Die Frauen haben einfach aufgehört, Kinder zu bekommen. Ein Drittel der Frauen des Jahrgangs 1965 blieb kinderlos. Dies war ein geburtenstarker Jahrgang. Die Frauen dieser Gruppe, die über einen akademischen Abschluss verfügen, bekommen seltener Kinder. 40% der Akademikerinnen dieser Altersgruppe blieben kinderlos. Die Lösungen für dieses Problem sind altbekannt und altbewährt: Wir brauchen eine Verbesserung der Infrastruktur, um eine Vereinbarkeit zu gewährleisten.

(Beifall beim BÜNDNIS 90/DIE GRÜNEN und der SPD)

Ich bin mir sicher: Wenn die Männer auch nur einen geringen Anteil der Erziehungsarbeit übernehmen müssten, könnten wir uns vor Krippen kaum noch retten.

(Beifall beim BÜNDNIS 90/DIE GRÜNEN und bei der SPD)

In diesem Fall hätten wir mindestens so viele Krippen, wie wir derzeit Baumärkte haben.

(Beifall beim BÜNDNIS 90/DIE GRÜNEN und der SPD)

Die Infrastruktur ist auch deshalb wichtig, weil wir Frauen, die ein Kind haben und alleinerziehend sind, kein Armutsrisiko aufbürden dürfen. Viele Väter stehlen sich aus der finanziellen Verantwortung und bürden diese dem Staat auf. Dies zeigt sich an der Höhe der Unterhaltsvorschusszahlungen. Angesichts dieser Zahlen kann ich manchen Rachegedanken des Verbandes alleinerziehender Mütter und Väter verstehen, der vorgeschlagen hat, säumigen Zahlern den Führerschein zu entziehen.

Ich bin mir dessen sicher, dass der eine oder andere lieber den Geldbeutel ziehen würde, als auf die PS unter dem Hintern zu verzichten.

(Beifall beim BÜNDNIS 90/DIE GRÜNEN)

Ein Blick in den europäischen Sozialbericht zeigt vier Punkte auf, wie wir die Vereinbarkeit von Familie und Beruf verbessern könnten.
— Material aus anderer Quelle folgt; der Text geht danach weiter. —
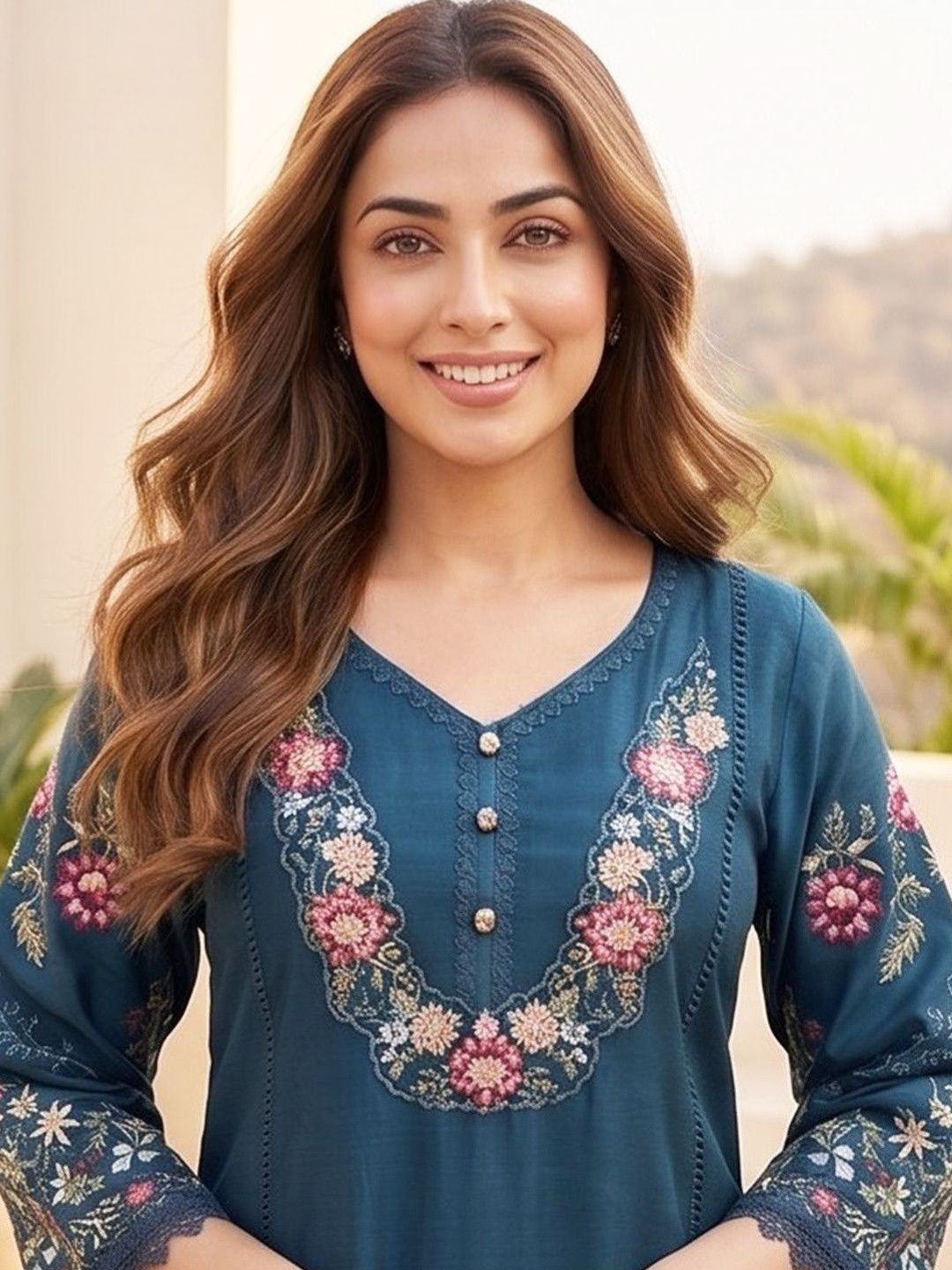 Teal Women Floral Embroidered Regular Thread Work Pure Cotton Kurta with Trousers & With Dupatta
Erstens ist zu überlegen, wie die partnerschaftliche Aufteilung der Aufgaben zwischen Mann und Frau besser gefördert werden kann. Es gab

einmal ein Lied mit dem Titel: Neue Männer braucht das Land. Die neuen Männer sind offenbar bei uns noch nicht in allen Bereichen angekommen.